### RECORDS FOR THIS EXERCISE
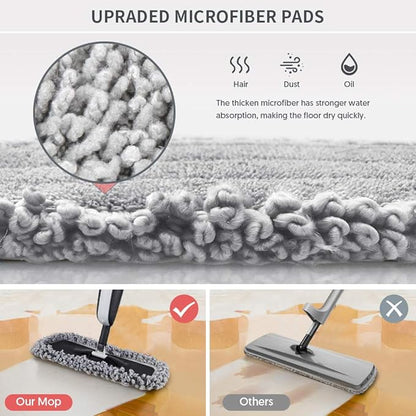 MANGOTIME Spray Mop for Floor Cleaning - Microfiber Dry Wet Floor Mop with 3 Washable Pads & 1 Refillable Bottle for Hardwood Laminate Tile Wood Vinyl Ceramic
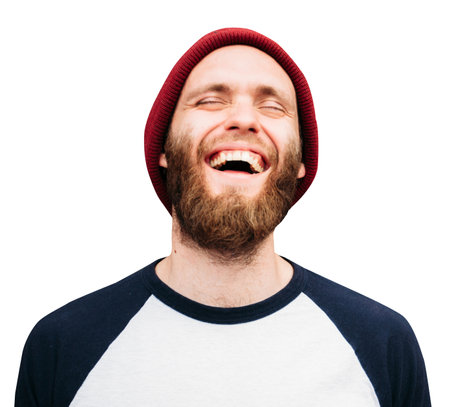 Hipster man smiling and wearing white blank t-shirt isolated on white backgroundの写真素材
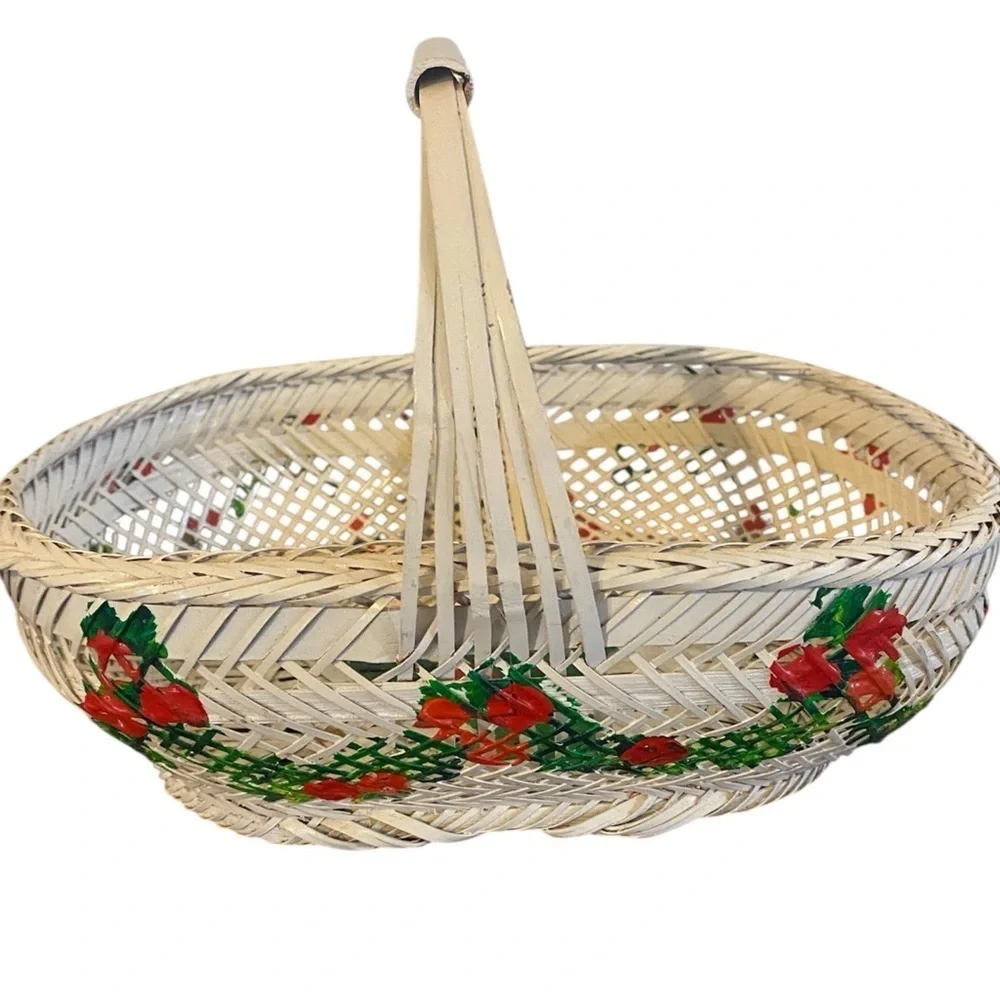 Vintage Daddy’s Duck Handwoven Hand Painted Basket Red Green Floral 8”W x 8”H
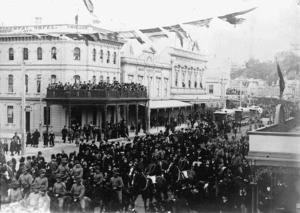 Parade and crowd, Lambton Quay, Wellington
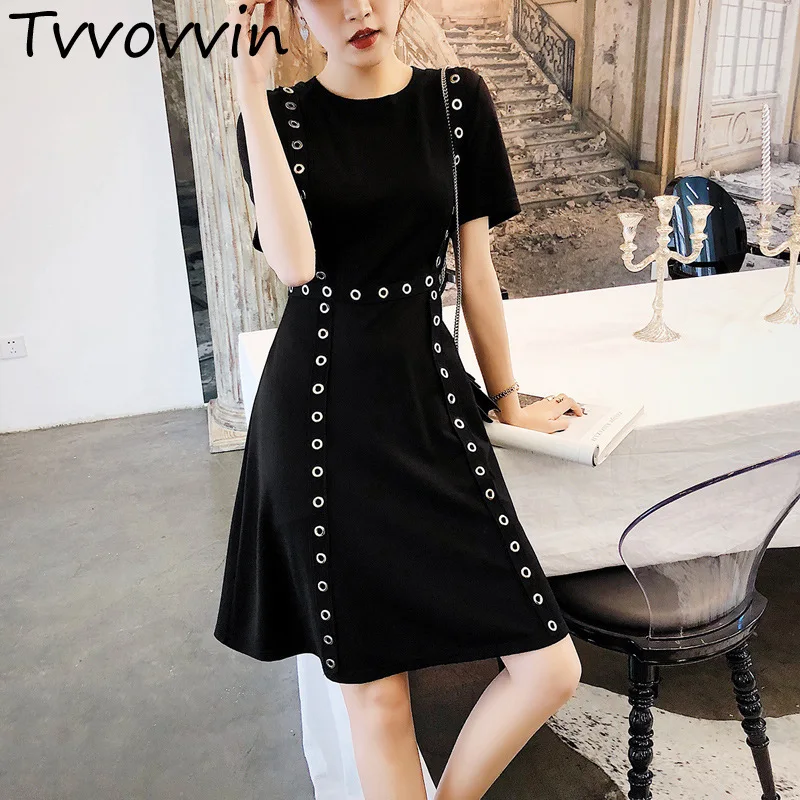 2019 Women Plus Size Punk Black Short Sleeve O-Neck High Waist Metal Ring Slim Dress Gothic Summer Casual Vestdios Large R089
2019 Women Plus Size Punk Black Short Sleeve O-Neck High Waist Metal Ring Slim Dress Gothic Summer Casual Vestdios Large R089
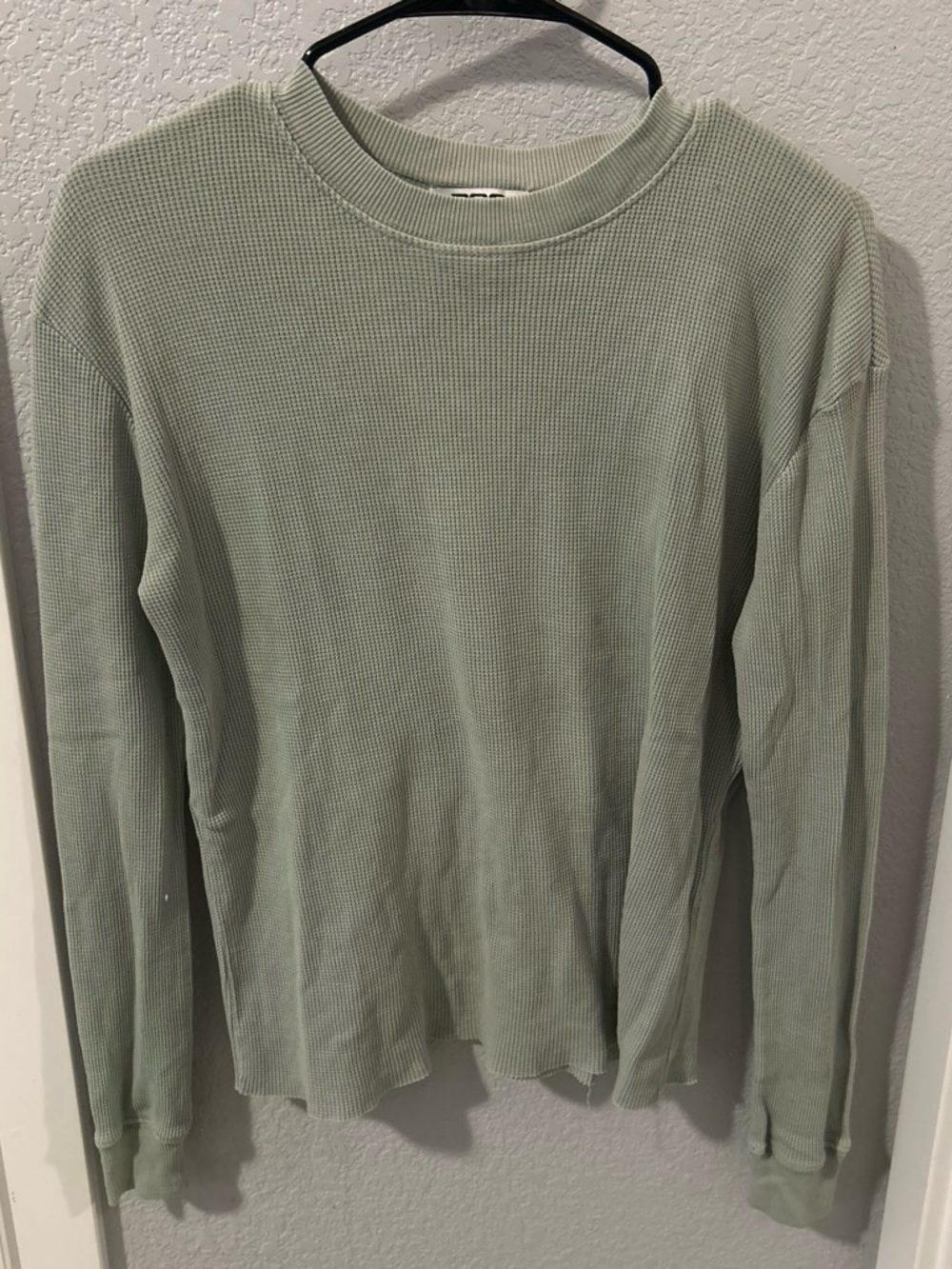 RSQ Sage Green Waffle Knit Crewneck Sweater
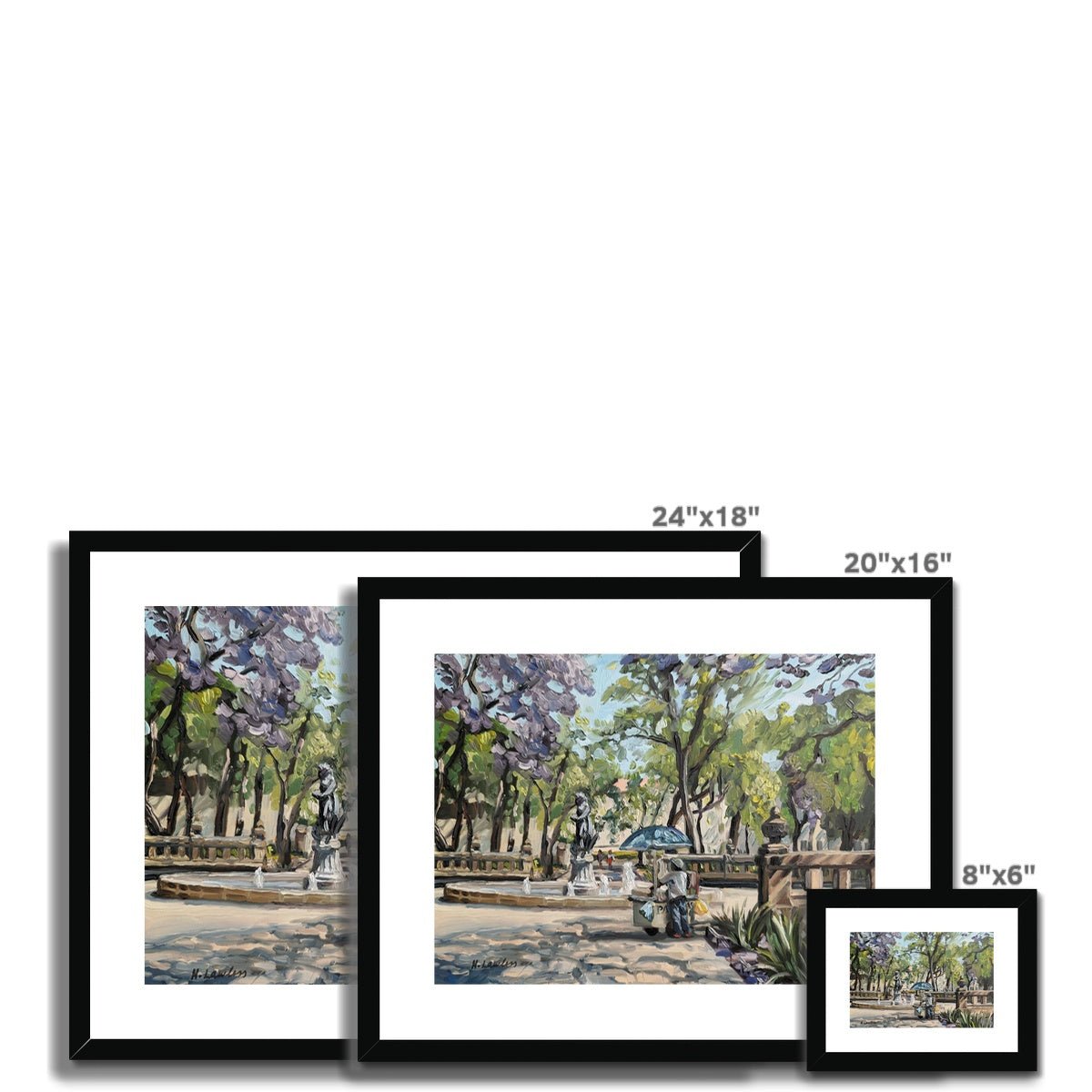 Antojitos Under The Jacarandas In Alameda Park | Print Prints Harriet Lawless Artist mexico 20"x16" / 51x41cm Natural Frame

### TASK BRIEF
Repeat word for word the lines from the one holding "RSQ Sage Green Waffle Knit Crewneck Sweater" through the last line of the listing above, including both ends. Drop the pictures.

### EXERCISE RESPONSE
 RSQ Sage Green Waffle Knit Crewneck Sweater
 Antojitos Under The Jacarandas In Alameda Park | Print Prints Harriet Lawless Artist mexico 20"x16" / 51x41cm Natural Frame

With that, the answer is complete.